• Your assignment
Go through the entries below and print, exactly, the lines starting at the one with "Pizza delivery driver" and ending at the one with "Duesseldorf Rhine Ufer", keeping both ends and no others.

• Given information
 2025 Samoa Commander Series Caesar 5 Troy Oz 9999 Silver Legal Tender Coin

...

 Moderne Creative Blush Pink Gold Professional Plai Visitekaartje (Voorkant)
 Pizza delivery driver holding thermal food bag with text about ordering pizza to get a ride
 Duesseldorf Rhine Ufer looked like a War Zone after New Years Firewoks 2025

• Response area
 Pizza delivery driver holding thermal food bag with text about ordering pizza to get a ride
 Duesseldorf Rhine Ufer looked like a War Zone after New Years Firewoks 2025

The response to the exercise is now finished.